Search code examples
apache-sparkclasspathemramazon-emr

Why Spark on AWS EMR doesn't load class from application fat jar?


My spark application fails to run on AWS EMR cluster. I noticed that this is because some classes are loaded from the path set by EMR and not from my application jar. For example

java.lang.NoSuchMethodError: org.apache.avro.Schema$Field.<init>(Ljava/lang/String;Lorg/apache/avro/Schema;Ljava/lang/String;Ljava/lang/Object;)V
        at com.sksamuel.avro4s.SchemaFor$.fieldBuilder(SchemaFor.scala:424)
        at com.sksamuel.avro4s.SchemaFor$.fieldBuilder(SchemaFor.scala:406)

Here org.apache.avro.Schema is loaded from "jar:file:/usr/lib/spark/jars/avro-1.7.7.jar!/org/apache/avro/Schema.class"

Whereas com.sksamuel.avro4s depends on avro 1.8.1. My application is built as a fat jar and has avro 1.8.1. Why isn't that loaded? Instead of picking 1.7.7 from EMR set classpath.

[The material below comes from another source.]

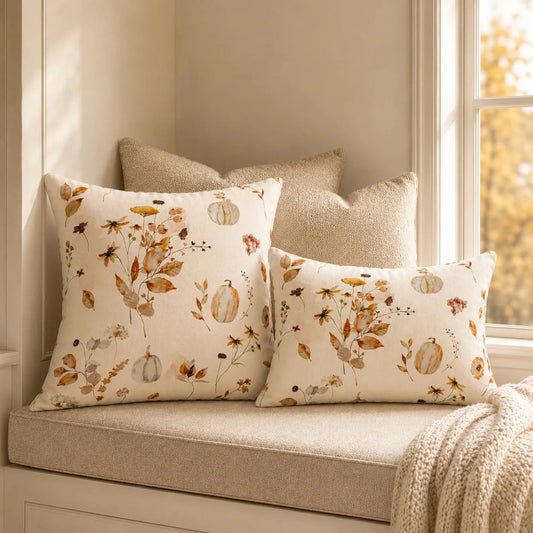 Watercolor Pumpkin Wildflower Pillow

This is just an example. I see the same with other libraries I include in my application. May be Spark depends on 1.7.7 and I'd have to shade when including other dependencies. But why are the classes included in my app jar not loaded first?


Solution

  • After bit of reading I realized that this is how class loading works in Spark. There is a hook to change this behavior spark.executor.userClassPathFirst. It didn't quite work when I tried and its marked as experimental. I guess the best way to proceed is to shade dependencies. Given the number of libraries Spark and its components pull, this might be quite a lot shading with complicated Spark apps.